Your assignment: Once "Precious Light Pink" turns up in a line below, reproduce that line and those after it exactly, stopping after the line with "HIGH NECK SHORT"; leave pictures out.

Records to use:
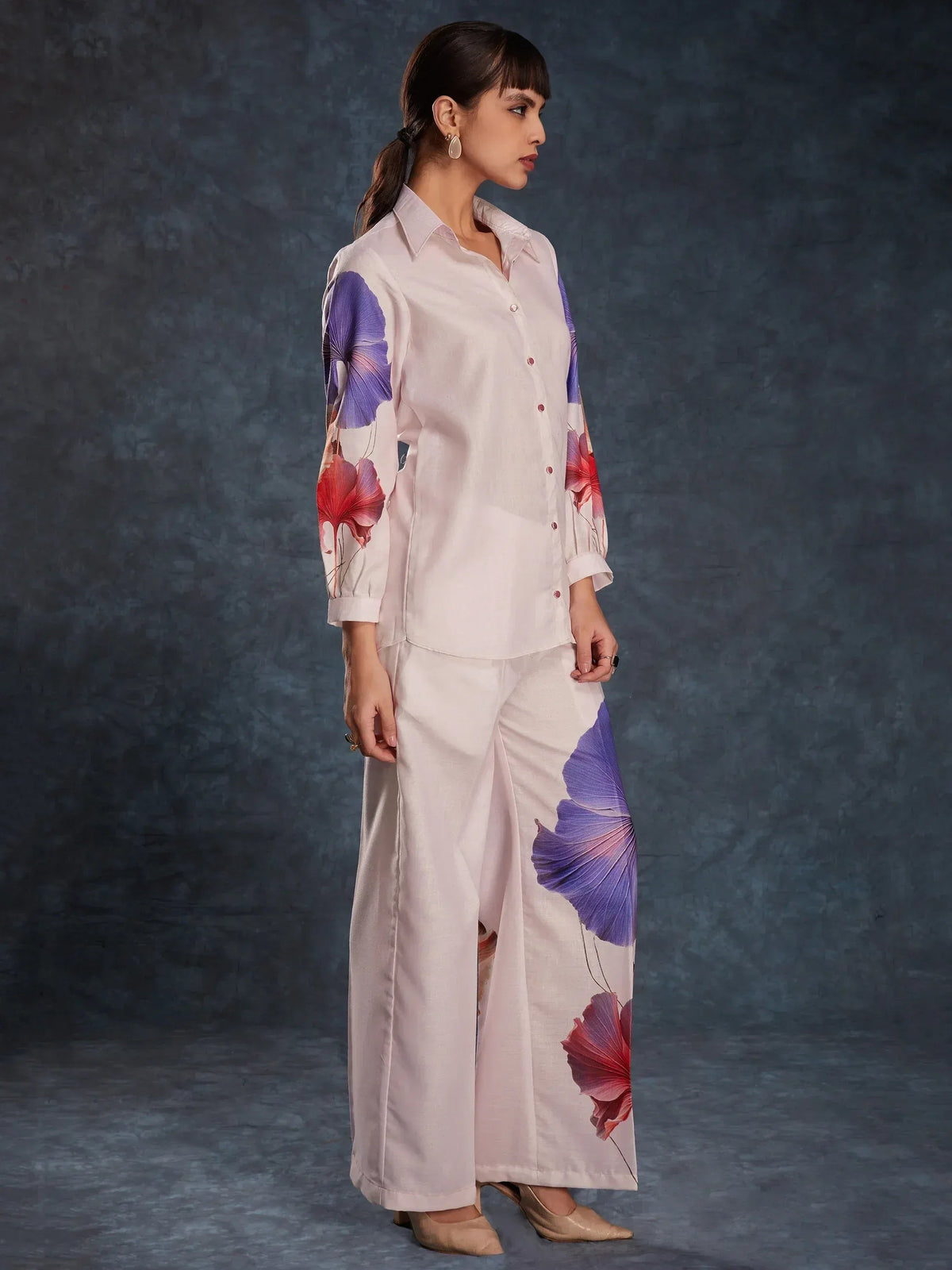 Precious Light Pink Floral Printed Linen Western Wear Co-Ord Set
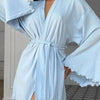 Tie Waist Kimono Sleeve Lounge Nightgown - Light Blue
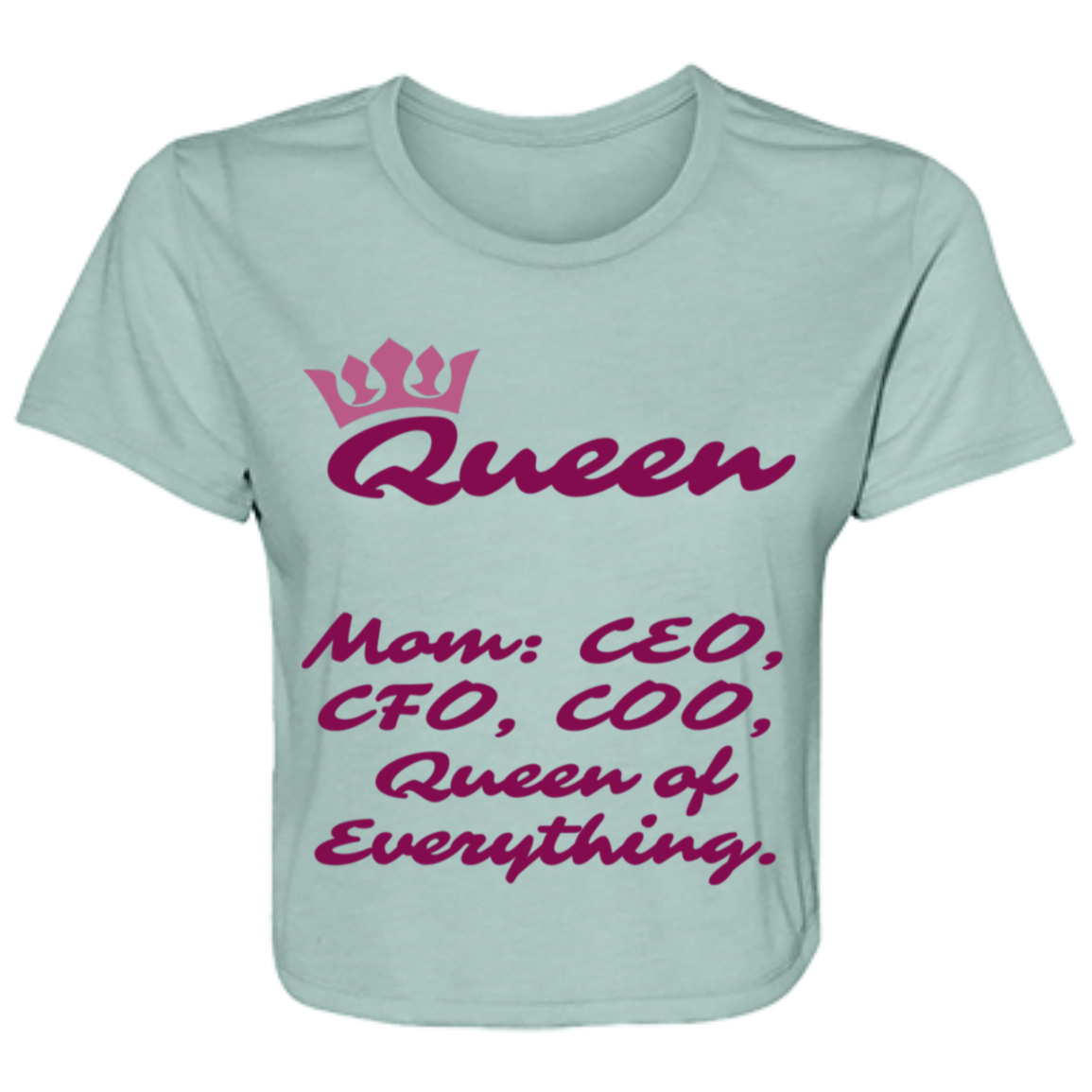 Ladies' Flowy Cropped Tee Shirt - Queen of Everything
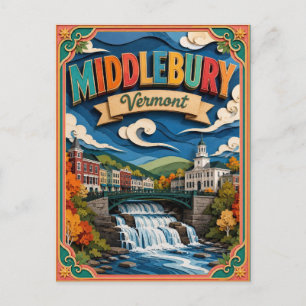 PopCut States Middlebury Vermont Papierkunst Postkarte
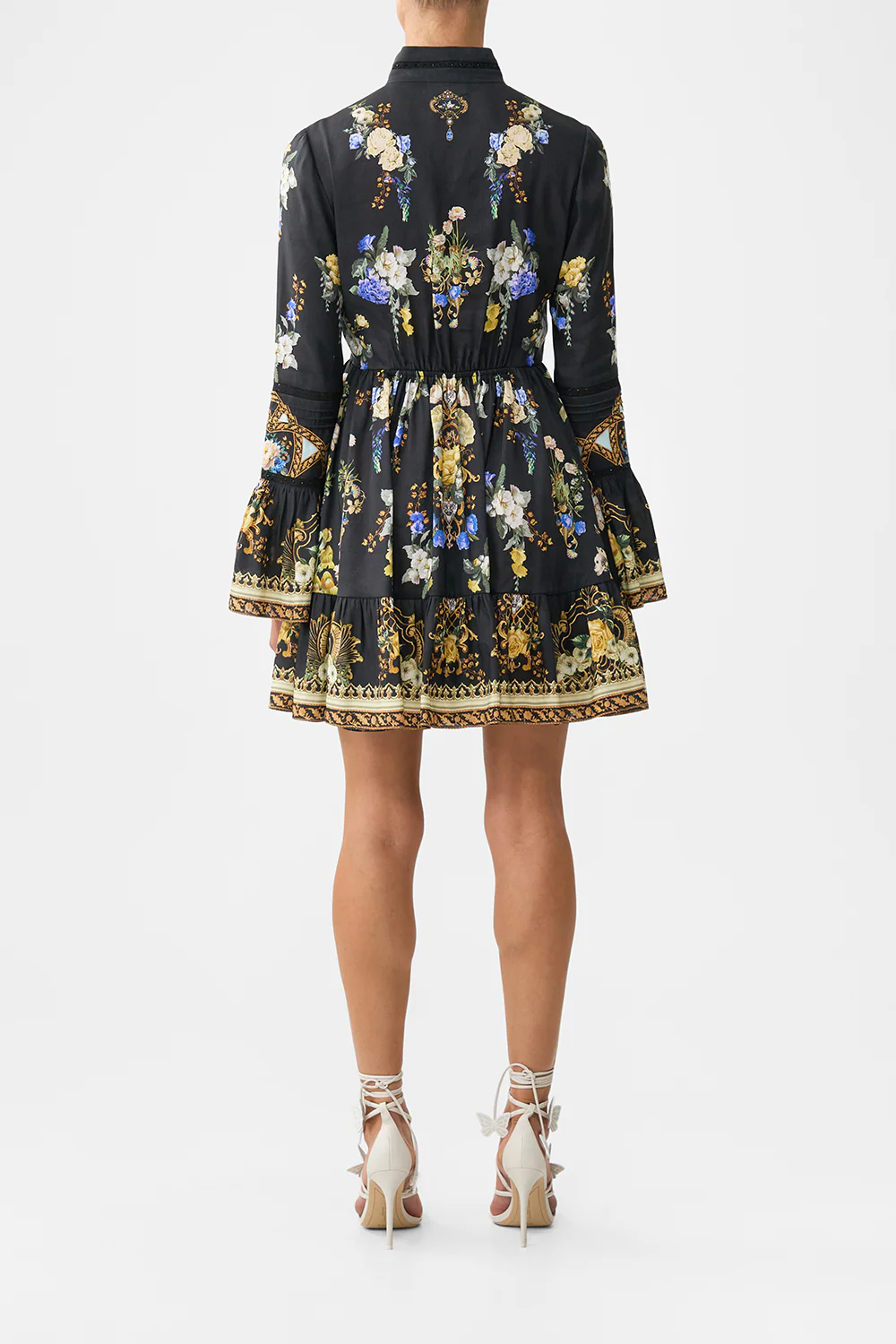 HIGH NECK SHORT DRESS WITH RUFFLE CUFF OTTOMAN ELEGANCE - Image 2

--

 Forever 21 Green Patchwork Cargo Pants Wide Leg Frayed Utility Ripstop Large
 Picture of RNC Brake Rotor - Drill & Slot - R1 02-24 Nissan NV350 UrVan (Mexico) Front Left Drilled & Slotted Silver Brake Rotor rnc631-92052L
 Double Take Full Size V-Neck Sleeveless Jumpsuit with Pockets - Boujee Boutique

Result of the task:
 Precious Light Pink Floral Printed Linen Western Wear Co-Ord Set
 Tie Waist Kimono Sleeve Lounge Nightgown - Light Blue
 Ladies' Flowy Cropped Tee Shirt - Queen of Everything
 PopCut States Middlebury Vermont Papierkunst Postkarte
 HIGH NECK SHORT DRESS WITH RUFFLE CUFF OTTOMAN ELEGANCE - Image 2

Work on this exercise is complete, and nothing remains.